In the past month, the Office of Foreign Assets Control (OFAC) of the US Department of Treasury (Treasury) has issued two advisories that highlight the heightened US sanctions risk associated with cyber related activities, including ransomware attacks and the virtual currency platforms that ransomware payers often use to facilitate payments.

As the scale of cyber related—and, specifically, ransomware—attacks has steadily increased over the past several years, they are now at an all-time high, prompting the Biden Administration to make cybersecurity an increasing focus.
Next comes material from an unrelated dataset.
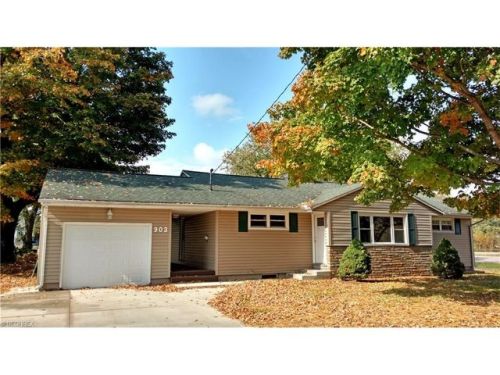 903 Leonard Ave, Belpre, OH 45714-1517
According to Treasury, ransomware payments in the first half of 2021 totaled $590 million, exceeding the reported value of $416 million for the entirety of 2020. To this point, Treasury, in releasing its 2021 Sanctions Review, observed that “while sanctions remain an essential and effective policy tool, they also face new challenges” that include “rising risks from new payments systems, the growing use of digital assets, and cybercriminals.”¹

As virtual currency is often the principal means of facilitating these payments, and many virtual currency platforms allow users to operate anonymously, it may be difficult for victims of a cyber attack to even determine whether or not a sanctioned person or jurisdiction may be involved. Moreover, even where it is possible to determine that a sanctioned person or entity is involved in a cyber attack, a US business that has been crippled by a ransomware attack may conclude that it has no other choice but to engage with that sanctioned party.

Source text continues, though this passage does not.